Blog de Lêda Rezende

Janeiro 23 2010

 

 

É. Estou muito cansada.


Tanta coisa a fazer e não consigo me mover daqui. Deitada na cama, janela aberta.

 

Olha o que descubro. Bem ali. Pendurado e disfarçado. O vizinho.

 

Esgueirado. De olho em meus movimentos. Como se algum movimento eu fosse fazer. Vai ver está esperando eu mudar a roupa. Eu que nem consigo trocar sequer a perna de lugar.

 

Vai ter muito que esperar.

 

Algo se moveu. Será que o vizinho percebeu. Movi os músculos do rosto pensando: é essa “ansiedade bancária”. Toda vez que vou ao Banco, lá se vai mais cansaço. Duplo. Com direito a juros.

 

E a gerente. Ela vai começar a fumar dia desses. Vive esperando depósito e só recebe expósito. Expósito foi perfeito. Sorri de novo.

 

Desta vez acho que ele viu porque levantou um pouco o corpo. Vai ver acha que tem mais alguém aqui alem de mim. Aguarda alguma sessão de sexo explícito.

 

Já estou começando a ter pena dele. Está em pior situação que a minha. Eu, ao menos, sei porque estou aqui imóvel, rindo e pensando. Ele depende de mim para se mover, rir ou pensar.

 

Depende do espaço da janela e do alcance da visão. Vive da expectativa da oferta do outro. Que nem para ele é!
Coitado.

 

Lembrei dele. Será que está pensando onde estou. Me supondo a descer e subir de prédios. E eu aqui. Deitada. Com vontade de fazer nada.

 

Ri novamente.

 

Ele e o vizinho estão a esperar meus movimentos. Nunca pensei que um dia alguém iria esperar os meus movimentos. Justo os meus. Eu que nem dançar bem sei.

 

Até um frango morto espera meus movimentos. Está lá. Esperando os temperos para se re-transformar.

 

Aquela pia da cozinha está me irritando já. Pratos e copos se espremendo. Cheiro de alho. Facas. Hoje tudo está a depender dos meus movimentos. Assim vou acabar paranóica.

 

Ainda bem que o telefone avisa que tem zero recados. Se ninguém se movimentou para mim, não preciso me movimentar para os outros.

 

Quero me arrumar. Para quando ele chegar à noite. Gosto quando ele chega. Vai me pedir um vinho e vai me dizer que o serviço está cada dia pior. Aí vou rir solta. Vou levantar e trazer a taça com aquele líquido que tem a cor do calor do deserto. Ri de novo: eu a as minhas metáforas.
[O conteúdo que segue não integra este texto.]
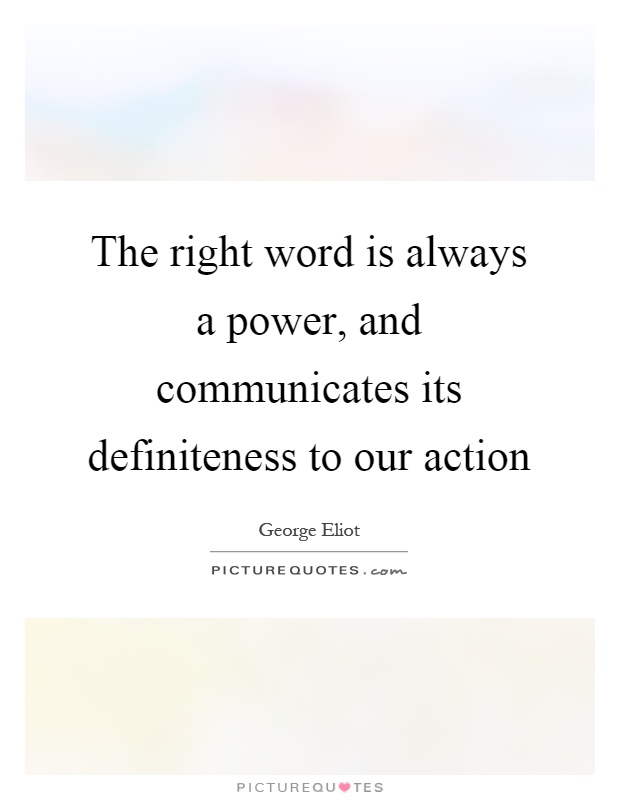 The right word is always a power, and communicates its definiteness to our action Picture Quote #1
Desde quando calor de deserto tem cor.

 

Pena que a esta altura, quando ele chegar, o vizinho já se foi.

 

E se ficou, vai se assustar. Vai pensar que de tanto eu ficar aqui deitada nasceu barba e pelos nas minhas pernas.

 

Ri de novo e desta vez olhei sério para ele.

 

Deixa só ver quando der com a testosterona substituindo a inércia.

 

Acho que eu deveria colocar uma música. Nada me ocorre agora além de um canto gregoriano. Não consigo encontrar. Também vivo trocando disco e capa. Que nem faço com a vida. Quando uma coisa pode ser encaixada, falta a caixa. Quando acho a caixa, a coisa já se foi.

 

Caixa me lembra o austríaco, objeto bem feminino.

 

Ele quer me dar uma caixa de música. Adoro caixa de música. Mas ainda não me deu. São tantas as caixas que já tenho sem nada para colocar dentro. Pelo menos esta já viria com a música colocada.

 

Bom, mas isso não dá pra resolver agora. Ainda tem o frango. O vizinho. O canto gregoriano. As pernas para mover.

 

Depois decide-se o que mesmo se coloca dentro. Ou se deixa de fora. Anda tenho que escrever um texto. E nem quero pensar em arrumar letras e frases. Citar filósofos. Imaginar o outro lendo. Me submeter ao olhar do outro com humildade mais que cristã.

 

Será que existe essa humildade. Talvez menos que cristã seja mais que cristã.
Pronto. Nem eu entendo mais o que penso.

 

O vizinho ainda está lá. Agora que vejo que ele não é tão jovem.

 

Trocamos de posição. Eu que o estou a observar. Tem cabelos grisalhos. A camisa colorida até que dá a ele um brilho de movimento. Ele se incomodou com a troca de posição. Está desconfortável e disfarça.

 

Mas vou ter mesmo que ir fazer o frango ficar feliz. Lamento, vizinho, mas um frango ficará feliz por ter morrido para ser comido gostoso e você vai ficar infeliz por ser deixado sem gosto em meio à vida.

 

Parei em meio ao levantar: coitado do frango. Precisou morrer para ser comido gostoso. Bom, melhor ir cuidar da felicidade do frango e deixar as digressões para depois. Já está na hora dele chegar.

 

E aí quem vai ficar feliz e bem viva sou eu.